Local app - the mystery deepens

[vtmaps]

When you double the voltage you quarter the power loss.

Yes.  But... does it matter?  The cable loss goes as the square of the current.  During bulk charge is when the current is highest and the loss hurts the most.   As current tapers off during absorb, the cable loss becomes less and less important.  In many systems, charging current starts out low in the morning, and by the time mid-day full power is possible, the batteries are absorbing.

When designing a system we usually use Imp (which is seldom achieved) to calculate cable loss.  The real loss is usually much less.

Regarding equalization, currents should be low (relative to bulk current) and cable loss is often blamed for the voltage drop of the hot panels.

Please understand that I am not arguing for thin cables... but just trying to put them in perspective.  Raising string voltage very often just shifts heat production from the cable to the controller.

The Vmpp is 35.5v. They might struggle in summer when it's hot but the days are so long and sunny it doesn't matter.

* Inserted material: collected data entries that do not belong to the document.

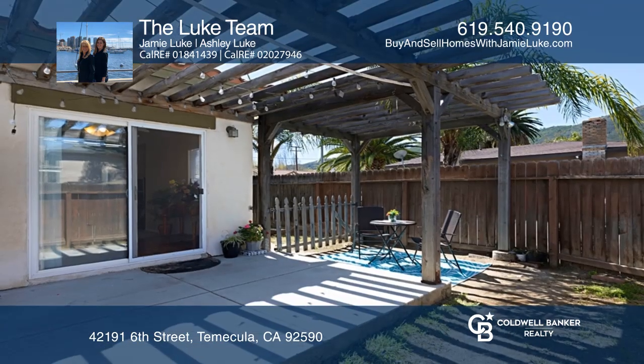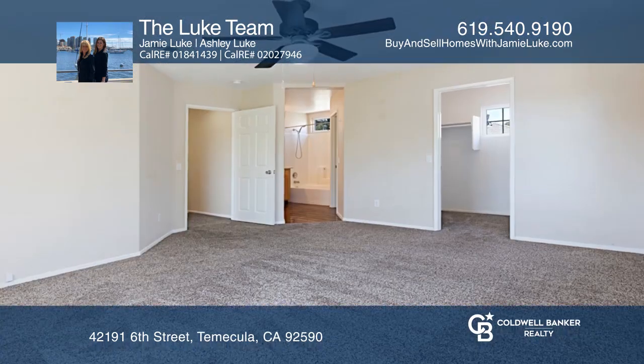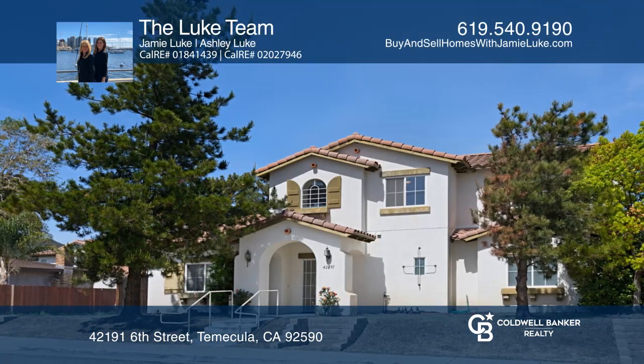The master bedroom includes a walk-in closet. This home is central to Old Town Temecula and parks. Act now and make this home yours by calling the Luke Team.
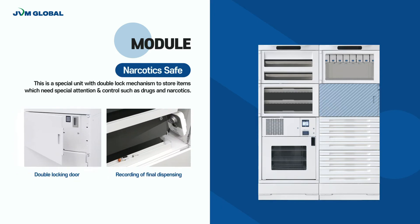The Narcotec Safe module is equipped with a double lock system to store medications which need special attention and control, such as drugs and narcotics. There are three types of modules that can be configured with Narcotec: Autobox, Drawer, and Shelf.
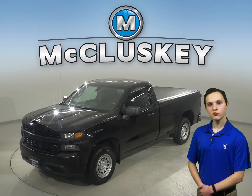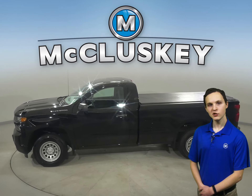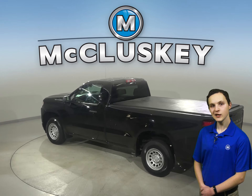Check out this black 2020 Chevrolet Silverado 1500. There's four-wheel drive, ABS brakes, and traction control for added safety. You'll even have OnStar access and a backup camera to make parking and reversing a breeze.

And that is the bottom line 

Things could change if jimbo wishes to harvest full power all day long with opportunity loads... thicker cables and/or higher string voltage may needed.

--vtMaps

[jimbo]

Great explanation 

[zoneblue]

Vt, youre spot on in principle, no argument. However the perspective was 30m at 30V? If i did that here on my 6awg, id lose 16% of my  average peak power.
http://www.calculator.net/voltage-drop-calculator.html?material=copper&wiresize=1.296&voltage=30&phase=dc&noofconductor=1&distance=30&distanceunit=meters&amperes=60&x=48&y=15

Using your model, if we use instead the average (sun hours) throughput ( which for say yesterday was 2566Wh over 6 hours,) is 430W, then id still get 4% loss.
http://www.calculator.net/voltage-drop-calculator.html?material=copper&wiresize=1.296&voltage=30&phase=dc&noofconductor=1&distance=30&distanceunit=meters&amperes=60&x=80&y=16

But that will be low because the losses will bite harder in the top half of the 'average'. Youd need to do a proper integration to get a true answer.

Becasue of the above, the risk is that the bank never reachs absorb at all.

I actually think Jimbos modules are 72 cell modules, so the voltage is there in principle, but id be watching the losses in the period just prior to reaching the absorb setpoint. Why not do an experiment: measure the voltage at the array, and at the input and output of the controller just as absorb is reached. Its easy to do.

Edit: distance fix

[jimbo]

Yes i would like to test it one day but the wiring up on the roof is very messy and hard to get to.

Off the top of my head there are 2 runs of 5 AWG for 100 feet (you had 300 feet) which gives a drop of around 1.88v. If it is 6 AWG then the drop is 2.37v. Not much but does affect the system when equalizing with high loads on.

As stated this is not ideal and will be changing the wiring when I get around to it.

So how much efficiency is lost through the midnite while dropping the voltage?